Testers Top Veggie Picks

by Charlie Nardozzi

Last year, we grew 22 of the newest seed company offerings. The hot temperatures and drought conditions in many parts of the country and the cool, wet spring in other areas adversely affected the growth of some varieties. Despite the tough weather conditions, there were many outstanding introductions that testers deemed worthy enough to buy and grow again. Here, we discuss the testers' top 10 vegetable variety picks for 1996. The chart below summarizes how those winners measured up.

Top Hot Peppers

The hot pepper popularity wave has been riding strong across the country for some time now. This year's results prove the trend continues. Hot peppers--one loved for its hotness, the other for its lack of it--ranked number 1 and number 2 in our testers' trials.

'Senorita' hybrid (60 days from transplant) is a large-sized jalape-o pepper with high yields and a very mild flavor. Testers across the country loved the sturdy plant and the mild but flavorful fruit. "'Senorita' produced a compact plant with large peppers that turned red early and had very little heat but still had a nice jalapeno flavor," notes Joyce Rabellino of Atascadero, California.

Even testers who didn't like 'Senorita' said it was only because they like hotter jalapenos better. "It was like eating a sweet pepper," explains David Saltzman of Windsor, Connecticut. "I don't see the purpose of a sweet jalapeno."

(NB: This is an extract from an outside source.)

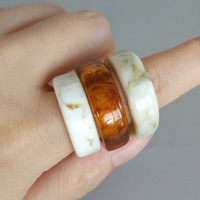 Vente en gros bagues de mode pour femmes et hommes bague de cocktail bagues transparentes en résine acrylique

For gardeners like David, 'Sizzler' hybrid (65t days) was right on target. This large, tapered hot pepper is quick to turn red and produces an abundance of peppers. It consistently outproduced the traditional 'Hungarian Hot Wax' in our test. "Sizzler was a compact plant that produced an amazing amount of huge 10-inch-long, moderately hot peppers that turned red earlier than any other pepper," reports Molly Hackett of Victor, Montana.

The two sweet peppers in our test didn't fare as well. 'Jackpot' hybrid (74t days) produced one of the largest bell peppers around, maturing to an attractive yellow-gold. Testers in the South and West had the best luck with this variety and claimed that the large, thick-walled fruits tasted great. Other testers reported slow fruit set and lower yields compared with standard varieties, such as 'California Wonder'.

'Red Beauty' hybrid (68t days) is known for its ability to turn red two weeks sooner than any other red bell pepper. Most testers agreed the quick-maturing, crisp, meaty fruits were a pleasure to eat, but some testers (especially those in the Northeast and Rocky Mountains) had trouble maturing red fruit and reported low yields.